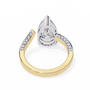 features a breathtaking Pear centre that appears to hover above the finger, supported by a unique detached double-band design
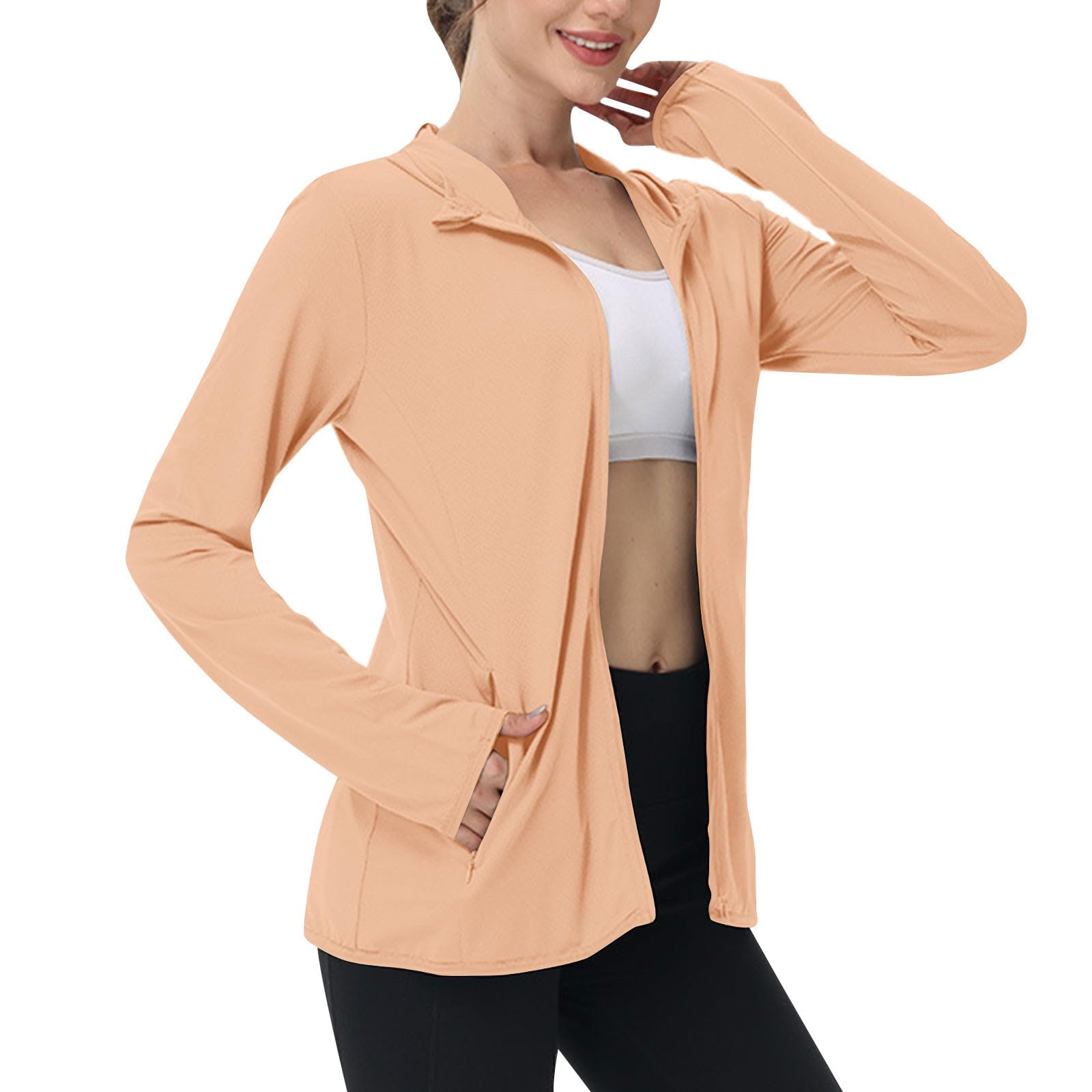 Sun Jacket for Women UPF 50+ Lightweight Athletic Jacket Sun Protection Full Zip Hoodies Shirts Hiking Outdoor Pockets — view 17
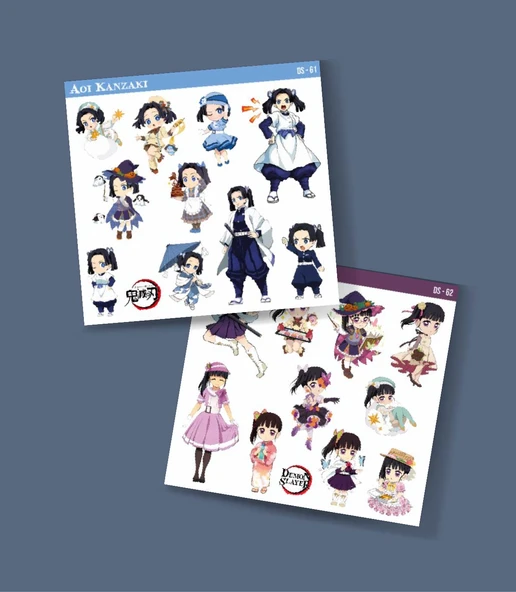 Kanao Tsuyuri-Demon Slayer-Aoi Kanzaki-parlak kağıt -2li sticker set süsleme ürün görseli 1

# BRIEF
Set the pictures aside and transcribe the data above exactly.

# TASK OUTPUT
 features a breathtaking Pear centre that appears to hover above the finger, supported by a unique detached double-band design
 Sun Jacket for Women UPF 50+ Lightweight Athletic Jacket Sun Protection Full Zip Hoodies Shirts Hiking Outdoor Pockets — view 17
 Kanao Tsuyuri-Demon Slayer-Aoi Kanzaki-parlak kağıt -2li sticker set süsleme ürün görseli 1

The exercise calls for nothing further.